Yes. Why are these girls forced to sell soap in the street to survive. Why are Cubans also forced to do the same. I think its cool that these students became familiar enough with Cuban street culture to be able to pull this off. But your question is a good one. What country sponsors its children abroad only to leave them without enough money to live ?
If you want to see authentic Cuban-Chinese restaurants run by real Cuban-Chinese people you have to come to Manhattan where you can find them very well-thank-you-very-much feeding the masses of Hispanic and not-Hispanic as well. You can fin La Caridad on Broadway and 75th. Havana-Chelsea on 9th Ave. and 18th Street. just to mention two of the must popular. The reason why they are here? They don’t want more social experiments.
Excellent article, Daisy. Thank you.
The true history of the triumph of the PCCh is worth recapping, because it relates to the situation of China today and of the current suggestions that Cuba follow the Chinese path out of the constipation of Soviet-model socialism.

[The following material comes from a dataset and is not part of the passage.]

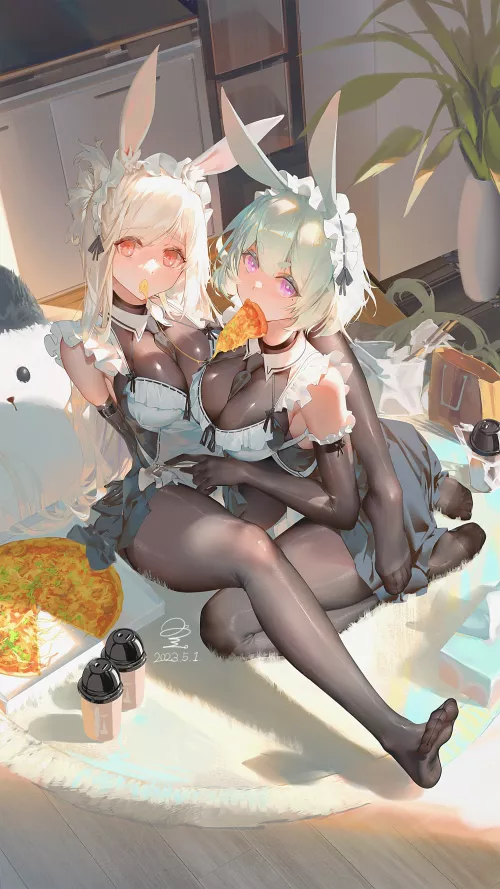 Two Bunnies, One Pizza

In the late 1930s when Japan invaded the coast of China, journalist Helen Foster Snow–wife of famous journalist Edgar Snow–was horrified that the Japanese were stripping the Chinese factories and sending them equipment to Japan, causing the collapse of the Chinese industrial economy. She had an idea that worker-owned industrial cooperatives should be set up to take this equipment west and resume industrial production. This would help the destitute people and also greatly assist the anti-Japanese war efforts (both the Nationalists and Mao’s forces.
Helen’s New Zealander friend Rewi Alley organized several thousand of such cooperatives, and they were a tremendous success. In addition to supplies coming into China via the Burma Road, the so-called “Gung Ho” (also, Indusco) cooperatives supplied the people’s needs and also the patriotic war efforts.
After WWII ended, the Gung Ho co-ops supplied Mao’s forces. They thus helped the Chinese Revolution to succeed against the Nationalists by 1949.
After coming to power Mao abolished the worker-owned cooperatives and set about trying to build socialism according to the Marxist state-owns-everything formula.
This is all relevant because it is worker-owned cooperatives that have succeeded in the Basque region of Spain, China 1938-1949, Farabidabad, India 1949-52, and in many other places.
If the Cubans will learn the true history of worker cooperatives and their real potential for reform of Cuba’s sputtering Soviet model, the Revolution might be saved and the world might see a model of workable socialism. Cheers.
PS: China has escaped from the constipation of the Marxian model, but it has not gone back to the entrepreneurial socialism of worker-owned cooperatives, as it ought to have done. Cuba hopefully will begin to experiment with Mondrogon-style cooperative corporations and show the Chinese and Vietnamese how real socialism can work.